> [AIM OF THE TASK]:
Your answer must be an exact transcription of the data, with every picture omitted.

> [DATASET CONTENT]:
----------

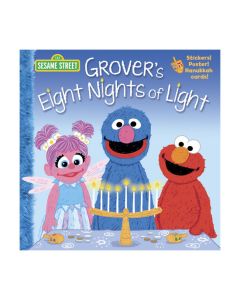 Grover's Eight Nights of Light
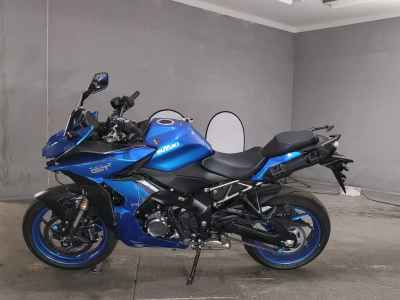 Suzuki GSX-S1000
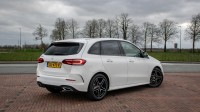 Mercedes-Benz B-klasse B180d Premium Plus AMG Line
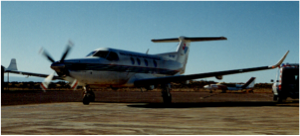 Flying Doctors Australia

----------

> [OUTPUT BELOW]:
 Grover's Eight Nights of Light
 Suzuki GSX-S1000
 Mercedes-Benz B-klasse B180d Premium Plus AMG Line
 Flying Doctors Australia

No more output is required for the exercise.